● **What you will do**: Please take the records that follow and repeat exactly the lines starting with the line with "Hi everyone, welcome" and going on through the line with "In this video".

[Opening Raw data section]

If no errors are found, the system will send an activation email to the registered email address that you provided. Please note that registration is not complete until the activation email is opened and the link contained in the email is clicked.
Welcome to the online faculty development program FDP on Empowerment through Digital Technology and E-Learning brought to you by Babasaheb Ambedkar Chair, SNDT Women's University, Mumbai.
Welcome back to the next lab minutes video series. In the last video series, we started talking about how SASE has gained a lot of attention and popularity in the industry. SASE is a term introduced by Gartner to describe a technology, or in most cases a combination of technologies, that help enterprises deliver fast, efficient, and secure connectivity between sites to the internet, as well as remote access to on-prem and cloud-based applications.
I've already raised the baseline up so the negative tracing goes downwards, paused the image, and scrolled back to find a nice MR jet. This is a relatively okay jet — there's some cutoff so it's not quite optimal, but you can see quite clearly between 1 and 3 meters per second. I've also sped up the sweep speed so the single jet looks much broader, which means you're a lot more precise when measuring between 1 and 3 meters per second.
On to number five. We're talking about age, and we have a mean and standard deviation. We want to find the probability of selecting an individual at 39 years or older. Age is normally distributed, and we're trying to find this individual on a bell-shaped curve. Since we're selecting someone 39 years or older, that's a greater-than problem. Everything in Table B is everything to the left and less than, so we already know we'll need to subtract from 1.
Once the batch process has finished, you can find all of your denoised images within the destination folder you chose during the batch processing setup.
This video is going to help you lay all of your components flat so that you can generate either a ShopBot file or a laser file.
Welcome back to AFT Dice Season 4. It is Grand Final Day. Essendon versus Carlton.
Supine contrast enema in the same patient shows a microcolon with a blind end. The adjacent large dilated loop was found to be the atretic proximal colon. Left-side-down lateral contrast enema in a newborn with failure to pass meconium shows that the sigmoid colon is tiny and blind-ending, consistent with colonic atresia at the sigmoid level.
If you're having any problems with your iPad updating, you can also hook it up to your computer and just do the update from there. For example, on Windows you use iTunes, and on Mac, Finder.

[Closing Raw data section]
[Opening Raw data section]

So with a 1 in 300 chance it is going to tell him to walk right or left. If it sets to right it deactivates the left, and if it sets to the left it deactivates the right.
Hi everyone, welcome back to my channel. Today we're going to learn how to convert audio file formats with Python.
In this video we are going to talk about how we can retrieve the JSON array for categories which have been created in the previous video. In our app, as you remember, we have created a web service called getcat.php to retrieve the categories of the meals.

[Closing Raw data section]
[Opening Raw data section]

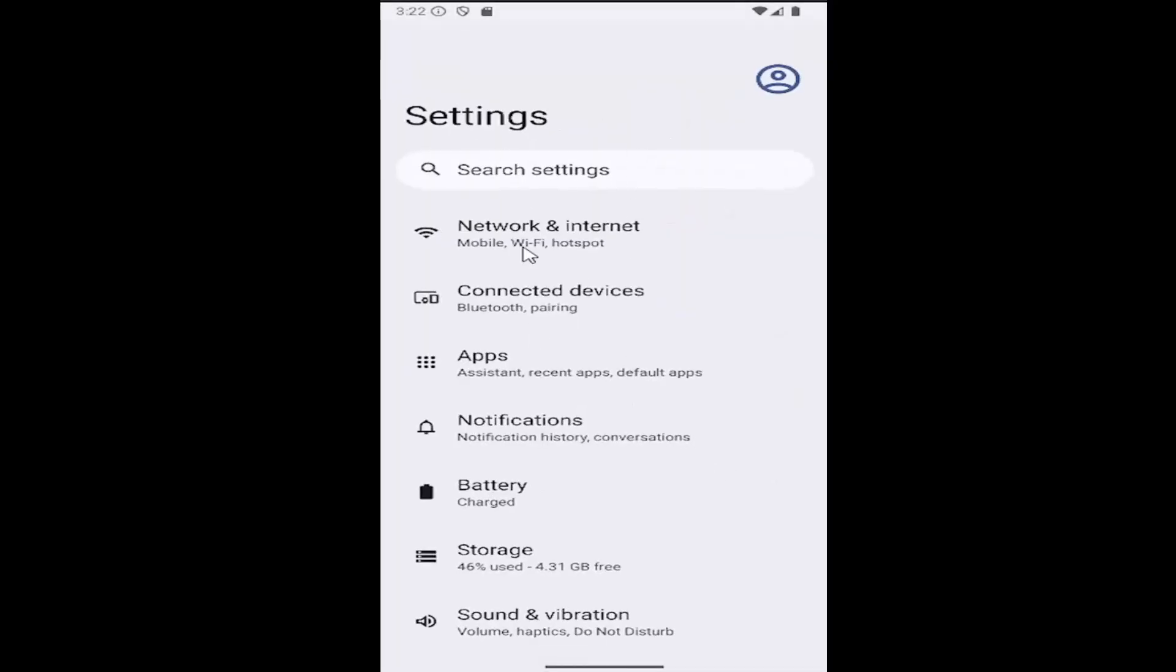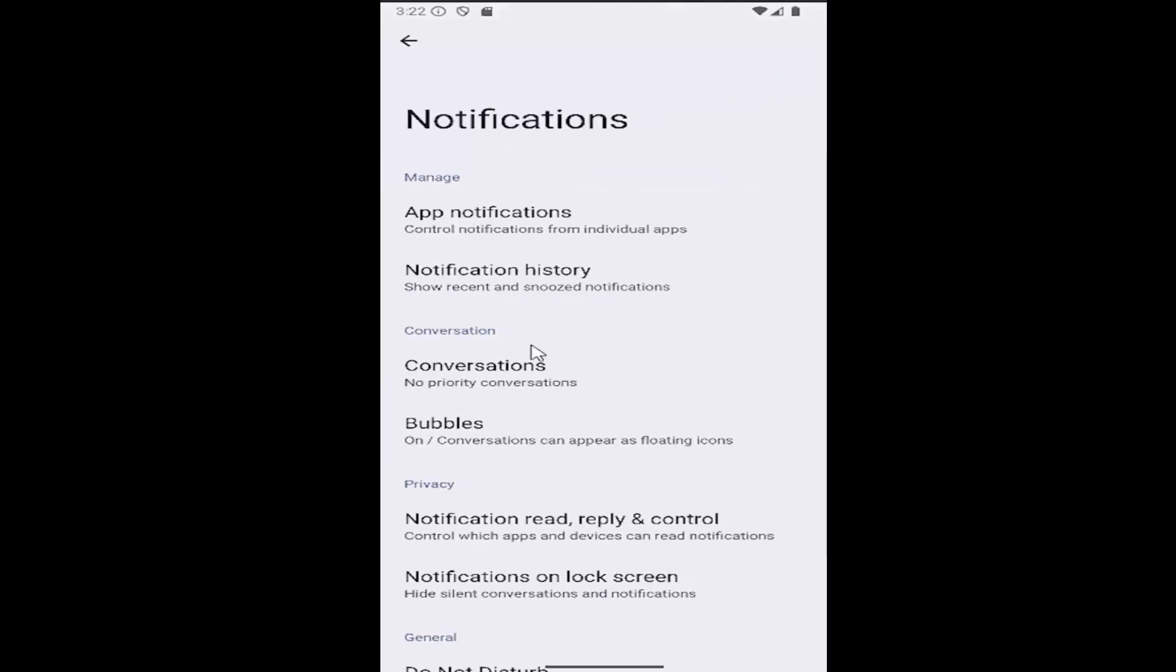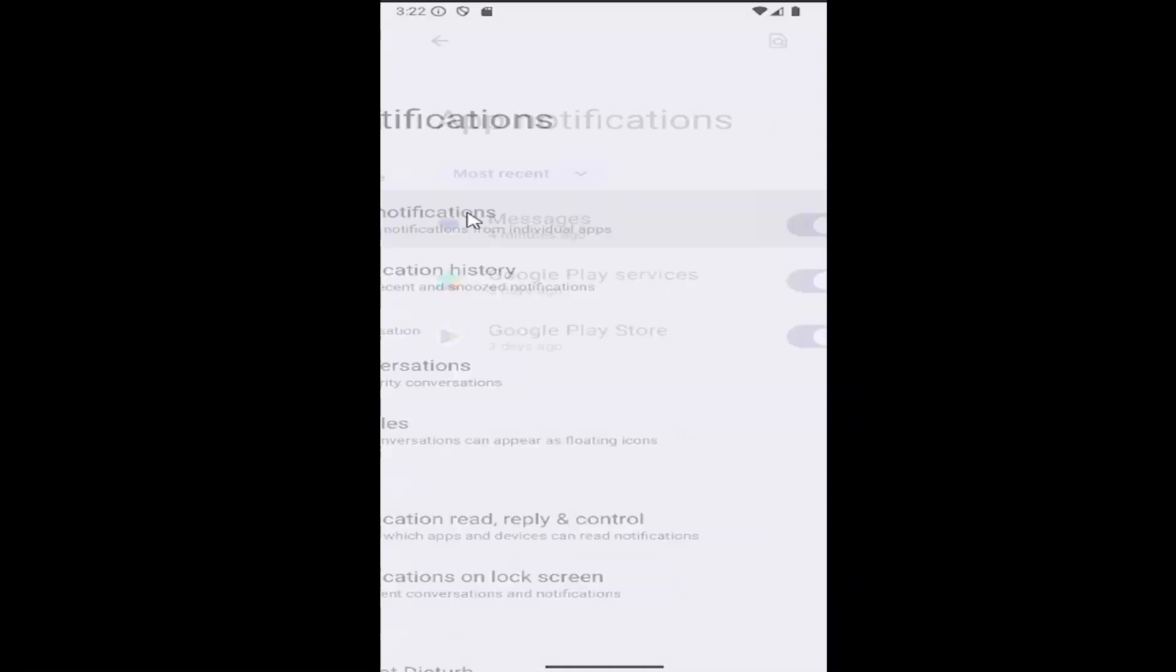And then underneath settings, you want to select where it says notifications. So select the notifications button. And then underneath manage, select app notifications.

[Closing Raw data section]

● **Your response**:
Hi everyone, welcome back to my channel. Today we're going to learn how to convert audio file formats with Python.
In this video we are going to talk about how we can retrieve the JSON array for categories which have been created in the previous video. In our app, as you remember, we have created a web service called getcat.php to retrieve the categories of the meals.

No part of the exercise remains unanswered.